Curiosa podrá parecerle a algunos lectores la interrogante que encabeza estas líneas. Hace algunos meses escribimos un artículo sobre el mismo tema. Volvemos hoy porque la materia es inagotable. La palabra vida, es una de las más bellas expresiones que incansablemente manejamos en la conversación diaria. ¿Por qué lo hacemos? Porque la conocemos muy bien, o así lo creemos, pues está dentro de nosotros y no podemos estar sin ella. Y si nos falla hasta allí llegamos, se acaba el camino. También, esa insistencia en nombrarla obedezca, tal vez, a la buena o mala costumbre nuestra de no silenciar lo que tenemos.

Y, ¿desde cuándo disfrutamos de tan grata compañía? El divino y preciado don de la vida lo poseemos desde el advenimiento del reducido vientre materno, más aún, desde el momento de la concepción. Con el simple hecho del nacimiento los seres humanos adquirimos algo que nos es esencial para la actuación como ciudadanos: la personalidad jurídica y esta, a su vez, nos confiere la dignidad humana que debe ser respetada y protegida por todos los demás. Gracias a ella las personas hemos obtenido la capacidad  ciudadana para ejercer los derechos y asumir las obligaciones propias de nuestra vida en común.

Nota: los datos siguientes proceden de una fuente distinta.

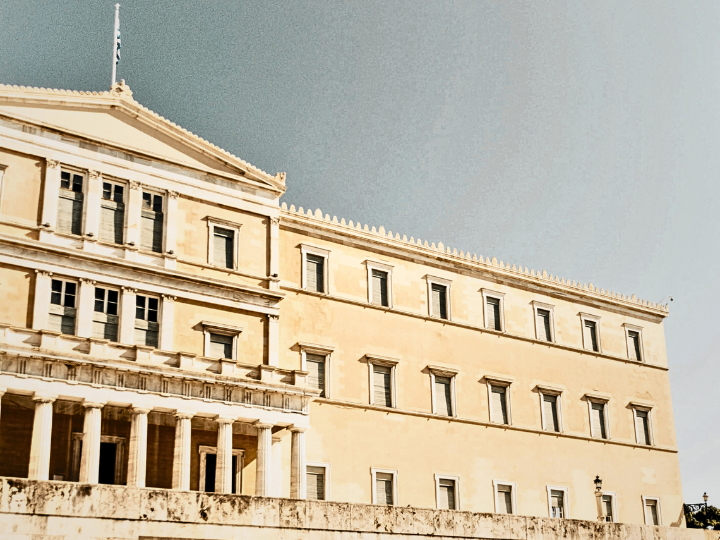Όλοι έχουν άποψη, την εκφράζουν, αδιαφορώντας συνήθως γιά τις συνέπειες για την παράταξη τους και, κυρίως, γιά τα πολιτικα δεδομένα της χώρας.
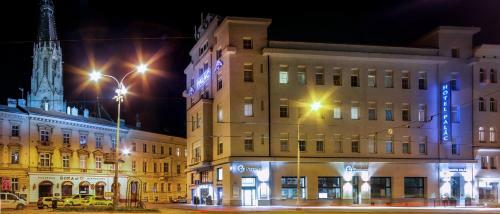 Hotel Pal�c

Saludamos el nacimiento entendiéndolo como un acto liberatorio, como el escape de una prisión hacia la luz pública, hacia la libertad. Esa libertad no ha de ser solo física, sino mental y espiritual a la cual jamás podemos ni debemos renunciar. Ello implica la libertad de pensamiento, de acción y de conciencia; son derechos naturales muy humanos y jurídicos, consagrados en el Derecho, que el Estado y todas las autoridades están obligados no solo a respetar, sino también  a proteger y defenderlos. Así contamos con la libre facultad para estudiar y prepararnos de acuerdo con nuestras aptitudes y preferencias, y elegir la actividad laboral que nos plazca. Y, ¿por qué no a formar nuestro propio patrimonio?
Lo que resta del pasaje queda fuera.